2023-06-16
We extend the problem of tracking weights by adding costs.
This post came about after a discussion with Odysseas Kanavetas during his Seminar++ lecture at CWI, and a further discussion with Vincent van der Goes.
The setting is as follows. We have \(K\) actions with associated positive costs \(c_1, \ldots, c_K\). Furthermore, we fix a per-round cost budget \(C\). Each round, we are given a target weight distribution \(\boldsymbol w_n \in \triangle_K\) that is affordable, in the sense that \begin{align} \label{eq:w.feasible} \boldsymbol c^\intercal\boldsymbol w_n ~\le~ C.\end{align} It is our job to sequentially pick actions \(k_1, k_2, \ldots\) deterministically from \([K]\). We require the chosen action sequence to be feasible, meaning that at any time \(n\) the accumulated cost remains within the cost budget, i.e.

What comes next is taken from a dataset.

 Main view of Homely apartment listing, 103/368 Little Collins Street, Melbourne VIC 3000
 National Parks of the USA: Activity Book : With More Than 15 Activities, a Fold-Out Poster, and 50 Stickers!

\begin{equation}\label{eq:feasible} \sum_{i=1}^n c_{k_i} ~\le~ n C, \end{equation} On top of that, we desire our action counts to track the cumulative target \(\sum_{i=1}^n \boldsymbol w_i\), i.e. \begin{equation}\label{eq:tracking} \sum_{i=1}^n \boldsymbol e_{k_i} ~\approx~ \sum_{i=1}^n \boldsymbol w_i . \end{equation}
Since we do assume that the costs \(\boldsymbol c\) are fixed over rounds, there is a globally cheapest action \(k^* = \operatorname*{arg\,min}_k c_k\) (we can break ties here arbitrarily). After \(n\) rounds, let us define two vectors: we denote by \(\boldsymbol N(n) = \sum_{i=1}^n \boldsymbol e_{k_i}\) the cumulative action counts, and by \(\boldsymbol W(n) = \sum_{i=1}^n \boldsymbol w_i\) the cumulative target. We say that action \(k\) is open for round \(n\) if \[N_k(n-1)+1 ~\le~ W_k(n)\] In words, an action is open if it remains below its target if we select it. Observe that whether \(k\) is open for round \(n\) does not depend on the action \(k_n\) selected in round \(n\). It only depends on \(W_k(n)\) and \(N_k(n-1)\), which are known beforehand. With that, we can define our algorithm:
Algorithm In round \(n\), if there are open actions for round \(n\), select any. Otherwise select the cost minimiser \(k^*\).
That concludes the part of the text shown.